Tuff Sherm & Patch Free – Party Scraps
Earlier this month Melbourne record label Butter Sessions released a collaborative EP from myself, under the Tuff Sherm alias, with Patch Free, a friend of mine that I’ve been making house and techno tracks with. The support for the “Party Scraps” EP – which includes a rare remix from the likes of Frak and also marks the debut of Patch’s electronic music – has been great and I think the vinyl is now sold out at the distributor level.
I’m also pleased to announce the above video clip for the title track, which was created by Seattle-based artist Christian Petersen.

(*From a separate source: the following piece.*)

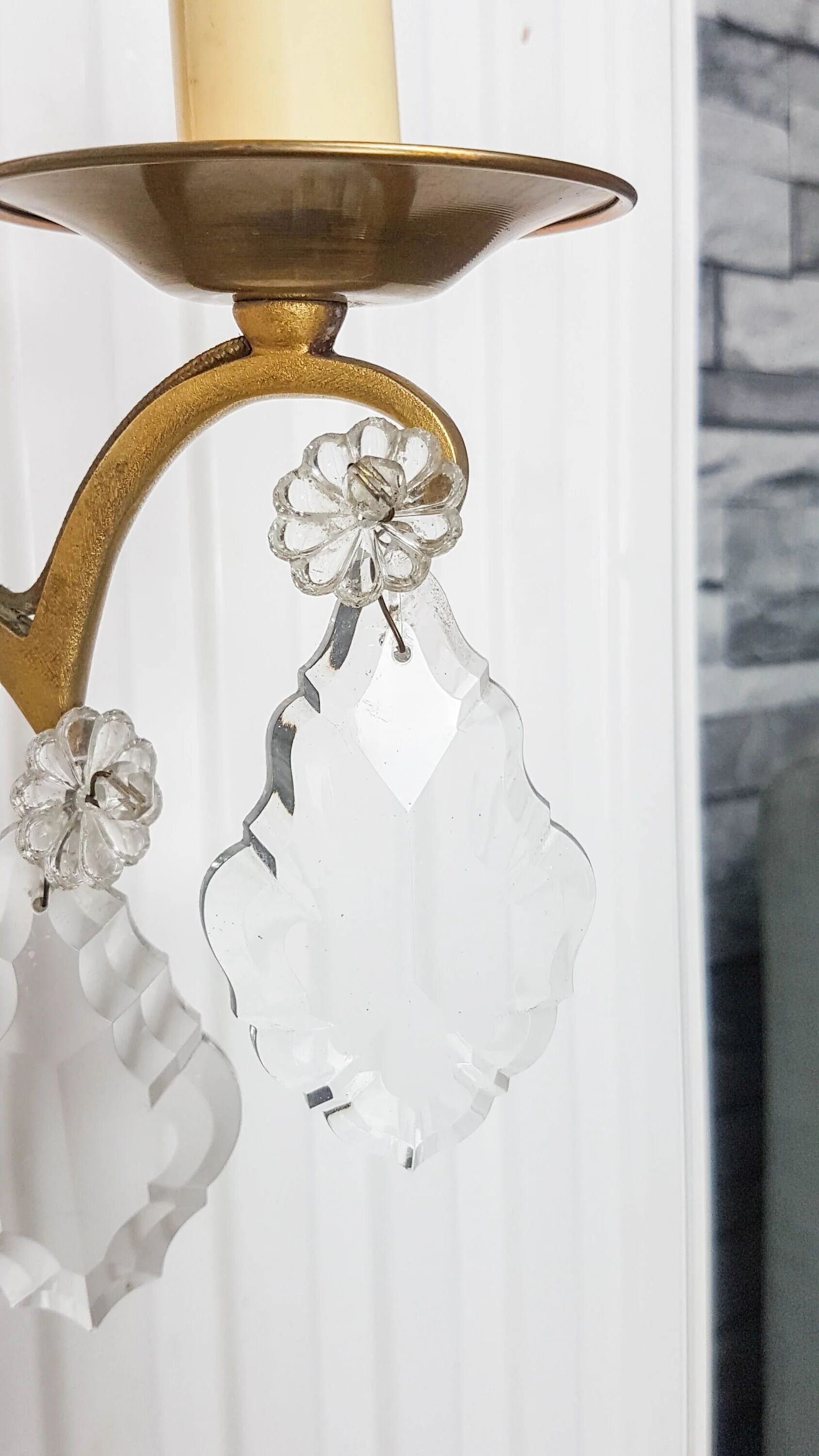 Pair of wall sconces in bronze and crystal – Empire Style – MG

I first got in touch with Chris when he was publishing a quarterly art zine called I Want You. (While the magazine is no longer going, this title lives on as the name of his design studio). In the end I think I had 3 contributions published with I Want You – a 7″ single packaged with the magazine (Dro Carey – “Heart Bussa”), a Dro Carey mix CD, and, inside the pages of the magazine itself, some of the pixel art I’d created for Hypercard sci-fi adventure games as a teenager (see below – in the top right corner of this spread in IWY issue 6 is the ‘Nine Nameless Moons’ title card, an abandoned adventure game that involved negotiating with sentient moons).
Our collaboration continued as Chris made a video clip for the Heart Bussa track from the 7″ and then, later, the two of us collaborated with dancer Colette Johnson for a trippy video that I wrote two original Dro tracks for.

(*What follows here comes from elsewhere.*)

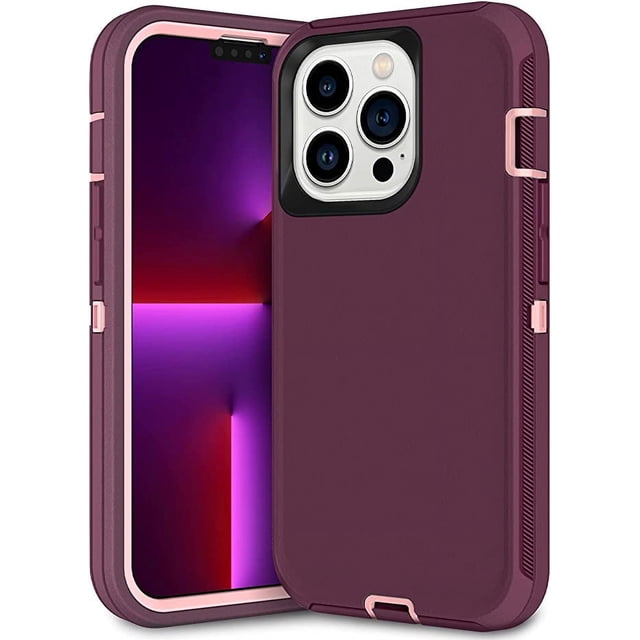 Entronix Funda Resistente para iPhone 13 Pro Max, Triple Capa, Resistente a Golpes y Anticaídas, Color Morado
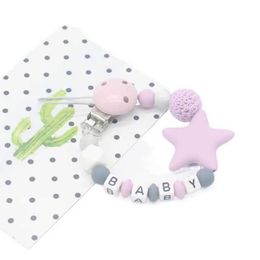 Pacifier Holders Clips# Personalised name Handmade pacifier clip bracket chain silicone pacifier chain five-star baby pacifier chain d240521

Chris also curated a night as part of the Dazed and Confused Festival in London, where he showed a series of video works presented under the banner of the ‘Action International Film Club.’ In this exhibition he included some of my adolescent video art – a short black and white video set to slowed down RnB, ‘Loveland’ – which, for copyright (and artistic) reasons I don’t have hosted online anymore. There was something to it, maybe, if only for introducing me to some of the opportunities presented by very basic handheld digital cameras…
When Chris contacted me about working on a new music video I was naturally super keen and as far as recent records I had on the table, this track seemed to be the obvious choice. It’s very sympathetic to the technicolor digital lysergia he has been cultivating over the years (an aesthetic that he always anchors with sturdy fundamental design principles, never straying too far into the world of vapor). I don’t know if YouTube’s compression has become more brutal lately but it actually took a few creative and technical revisions on Chris’ end before he had something that he felt hadn’t been desecrated by the streamer’s compression processes. I’m extremely grateful for the patience and sense of perfectionism he showed as we went back and forth with test uploads before reaching the final version and sending it off to channel curator and dance taste superstar Hurfyd, who has been a stalwart supporter of my projects since way back (even at one point creating some visuals himself for the Tuff Sherm “Topaz Looper” track).
Thank you Chris, Hurfyd, Patch, and of course Corey and Maryos at Butter Sessions!